What an incredible, amazing, affirming two days!
The Minneapolis Pride celebrations was held this weekend and the MN T-Girls were there to talk about the group, to represent transgender people and to look fabulous. It was a wonderful weekend and on a personal note, I felt so bolstered and loved and accepted these past two days.
The day started early. I love waking up and getting dressed and doing my makeup while I have coffee and start my day. By 6am I was looking good and ready to walk out the door! Pride had many events over the weekend and even quite a few in the days leading up to the weekend but the T-Girls were going to be at the two day Pride Festival in a large park in Minneapolis. I had no idea how crazy traffic was going to be so I made my way to the festival early. I had a few errands to run before the day would begin but I got my start by going out for breakfast and then going shopping for some stuff for the day. It was going to be hot and I needed to get some water to keep me hydrated.
After breakfast, I went to the grocery store and my excitement for the day just kept building. I was feeling amazing in my new dress and couldn’t wait to get to Pride. After shopping, I went to a cafe for one more coffee and to wait for the start of the festival. I knew parking and traffic would be a nightmare so I parked my car in Uptown and called an Uber to take me there. I love Uber and I was excited to take one as Hannah. In case you’re wondering, Uber allows you to change your name when you request it so I could avoid accidentally outing myself when my ride came. My Uber took me to the park and it was time to get started!
The festival was held at Loring Park and seeing all the tents and booths set up reminded me of a little village. Fellow MN T-Girl Mari and I set up the tent (in heels, of course) and spent the next hour or so decorating it. Mari has been to Pride many times as a member of other trans support groups and her experience, her enthusiasm and her spirit was amazing. the T-Girls at Pride was a complete success and it was all thanks to Mari. The booth looked AMAZING as we decked it out with as much pink (naturally) as we could. I helped with wearing more pink. That counts, right?

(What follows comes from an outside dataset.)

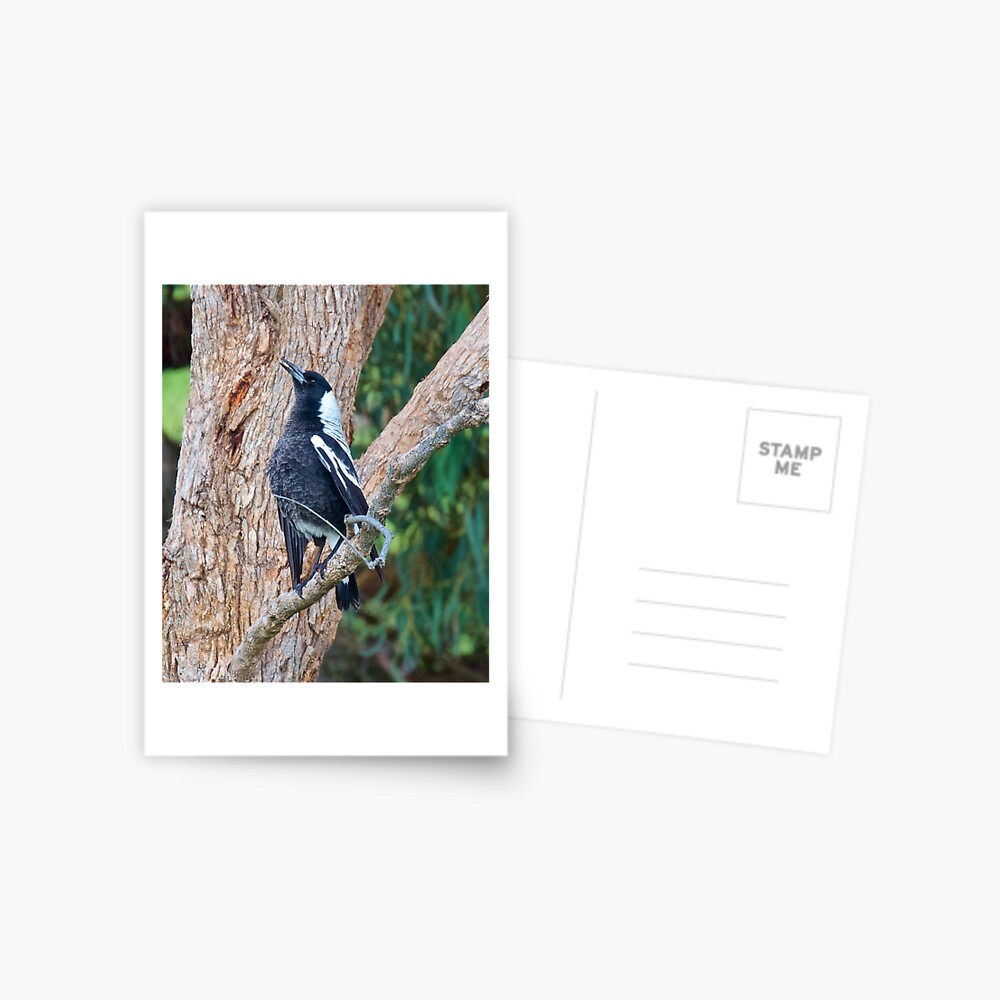 Item preview, Postcard designed and sold by tasmanianartist.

As the day passed, Mari and I, along with T-Girl Liz talked to so many about being transgender, gender, the T-Girls and more. We spoke to t-girls who were out of the house for the first time, we spoke with t-girls who were just about to start hormones, to t-girls who weren’t t-girls yet. It was amazing to meet so many of us who were all at different points of their life and journey. We spoke to people who wanted to learn more about trans etiquette, parents who have trans children, activists and allies. We spoke to parents who wanted their young kids to know that everyone is different and how gender is more than just what most people say it is. Mari also brought The Wheel of Fabulosity so people could find out how fabulous they were (or were not) with options of being everything from Absolutely Fabulous to Diva to Wallflower. I was a Pretty Princess. I knew that but it was good to have the wheel confirm it.
To all you t-girls out there, you have no idea how loved we are. It was amazing to meet so many people who just wanted to understand the complexity of gender and what being trans really is.

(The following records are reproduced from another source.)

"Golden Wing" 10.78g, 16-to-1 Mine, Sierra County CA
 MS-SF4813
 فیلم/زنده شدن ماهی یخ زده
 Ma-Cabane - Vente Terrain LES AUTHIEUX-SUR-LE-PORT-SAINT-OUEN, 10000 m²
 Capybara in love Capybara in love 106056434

Mari and I wrapped up the first day and I caught another Uber to my car and went home and absolutely collapsed. After standing in 92 degree heat and wearing heels for 13 hours I was exhausted but excited for the next day.
It was another beautiful day but thankfully not as hot. It was windy. More on that in a second. I woke up and like the day before, got ready for the day. I really love waking and doing my makeup and getting ready right away. I wore another new dress (with heels of course) and left for the festival. I drove close to the park and like Saturday, caught another Uber to Pride. Once there, I set up the tent and soon Mari showed up.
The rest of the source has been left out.